Because the person who actually took over the authority over DHS from Nielsen, former commissioner of Customs and Border Protection Kevin McAleenan, was not her proper successor, his alteration of the line of succession to designate then-Under Secretary Wolf as the department official who would assume the role of acting secretary once McAleenan  office left it was invalid. “Because the passing of the torch from Nielsen to McAleenan was ineffective, the attempt by McAleenan to pass it in turn to Wolf had no legal effect whatsoever,” Donato wrote.

University of Denver Sturm College of Law professor César Cuauhtémoc García Hernández said the judicial obstacle to enforcing the rule is one the Trump administration itself created. “The problem here is … the Federal Vacancies Reform Act, which allows the Department of Homeland Security to create its own succession plan,” he said. “When DHS did do that under President Trump, it then did not actually follow the binding plan” it mandated.

Donato’s decision follows four other federal district court opinions that have rejected DHS immigration-related regulatory moves on grounds that Wolf, who resigned in the wake of the Jan. 6 insurrection at the U.S. Capitol, lacked the legal authority to act as acting secretary.
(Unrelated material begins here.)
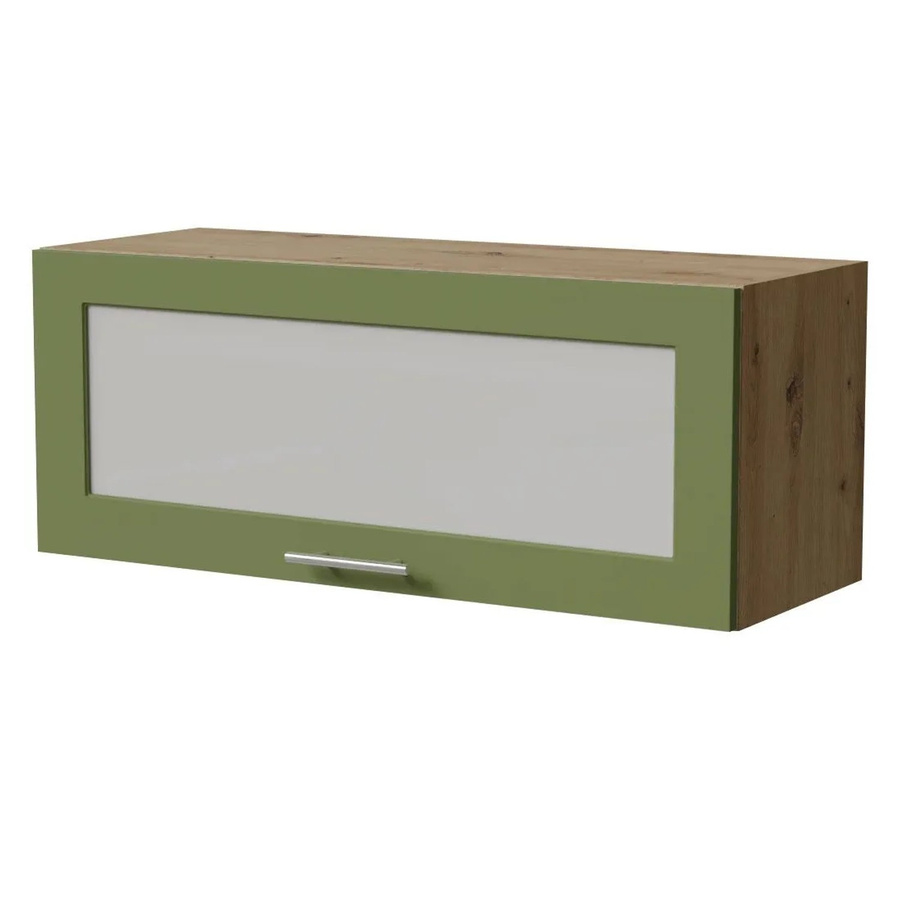 Feldmann-Wohnen Klapphängeschrank Brerra W4BS/90 WKF Eiche Artisan in Farngrün Matt, B/H/T: 90 x 36 x 32,5 cm - Bild 2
One of those opinions, a November 2020 ruling by a federal judge in New York, invalidated the Trump administration’s effort to repeal the Deferred Action for Childhood Arrivals program instituted by President Barack Obama’s administration.

Garcia-Hernández pointed out that the risks to immigrants with a chance for asylum in the U.S. from the rule are great. “Advocates expressed an enormous amount of concern that, in that effort to expedite a silent decision-making, they were actually positioning people to lose viable asylum claims,” he said. The way this would have happened is that immigrants would lose eligibility for asylum if they spent “a significant amount of time in some third country,” according to Garcia-Hernández.

As for the effective bar on gender persecution claims, Garcia-Hernández said the rule would bar asylum even where gender-based persecution is done by gangs with the encouragement or knowledge of a foreign government. This, he explained, would be a troubling development in U.S. law. “Asylum law has never been about saving people from all forms of violence,” Garcia-Hernández said. “It’s very specific.” Included in the violence that can lead to an award of asylum is that perpetrated by governments. “A lot of violence is inflicted with the knowledge of police officers or prosecutors, who either do not prioritize prosecution of gender-based violent conduct or simply permit it,” Garcia-Hernández continued. “They turn the other eye or, in some cases, assist with that kind of violence.”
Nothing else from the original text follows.